Olivia Rodrigo probably isn’t begging to be compared to Paul McCartney. No one would wish that on a superstar — we can call her that now, right? — who just turned 19 years three months ago. But with Rodrigo’s two very sold-out appearances at the Greek this week following so closely on the heels of the last major concert event in the L.A. market, Paul McCartney’s SoFi Stadium show two weeks ago, it was hard for the admittedly small subset of those of us who attended both not to come up with at least a couple of correlations. Starting with the high dB levels among their respective crowds. McCartney, for his part, has to do a bit of encouraging to really turn the dull roar into something more pitched: “C’mon, girls, give us a Beatles scream!” he coyly implored at one point, as he does every night on this tour. But Rodrigo’s crowd didn’t need any encouragement to scare the tar out of any mountain lions that might be lurking in the nearby Griffith Park hills. They use their words when they scream, too: Imagine if all those early Beatles fans had been able to channel their cacophony into ear-piercing but picture-perfect recitations of “Things We Said Today.”

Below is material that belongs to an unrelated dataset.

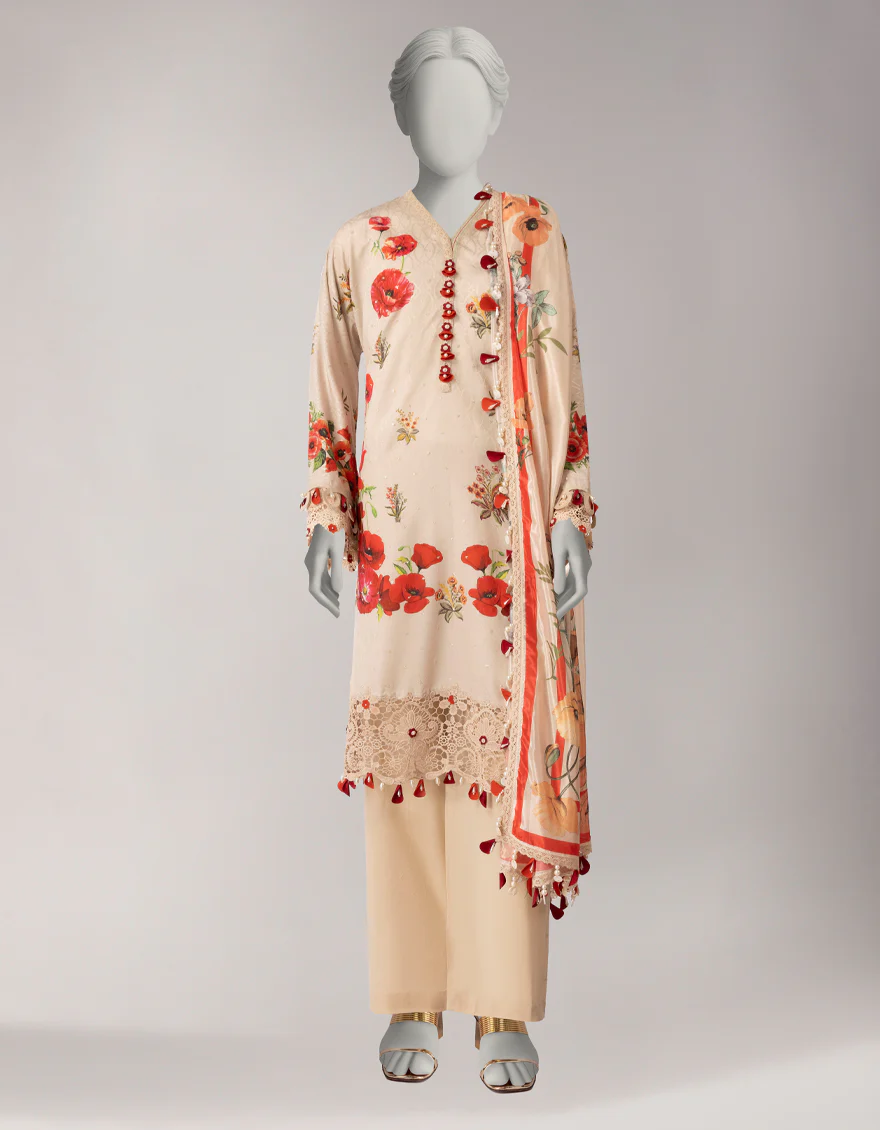 MULTICOLOR DOBBY 3PC UNSTITCHED | JLAWN-S-26-3805 CHINAR-3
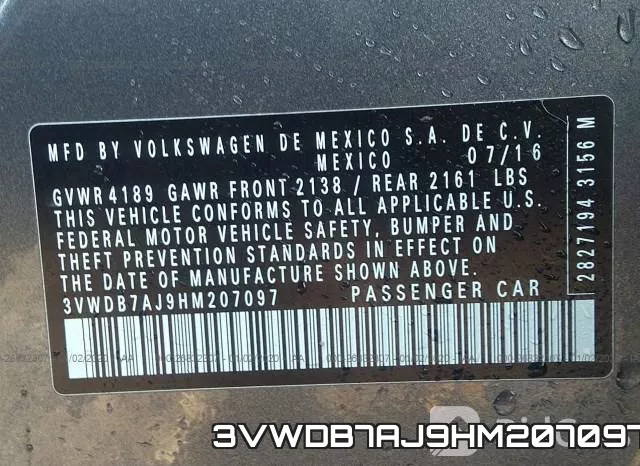 3VWDB7AJ9HM207097 фото 10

With Rodrigo, it’s “Brutal”-mania — not a simulation, but the real thing (to twist an old theatrical tagline).
Having established a point of commonality, we can acknowledge how hilariously opposite these two engagements were in some other pretty obvious ways. Every time McCartney hits the road nowadays, he is faced with boiling down hundreds of songs from a six-decade career into a set that will last a generous 160 minutes. The shows on Rodrigo’s first tour ever, meanwhile, will top out at 60 … and that’s with some choice padding (a couple of covers; an intermediary costume change and some band vamping) to nudge it there from the 35 it would last if she only did a straight run-through of her debut album, “Sour.” It took some of us longer to get out of the Greek’s hillside parking lots and down to Los Feliz Blvd. afterward than it did to experience her performance.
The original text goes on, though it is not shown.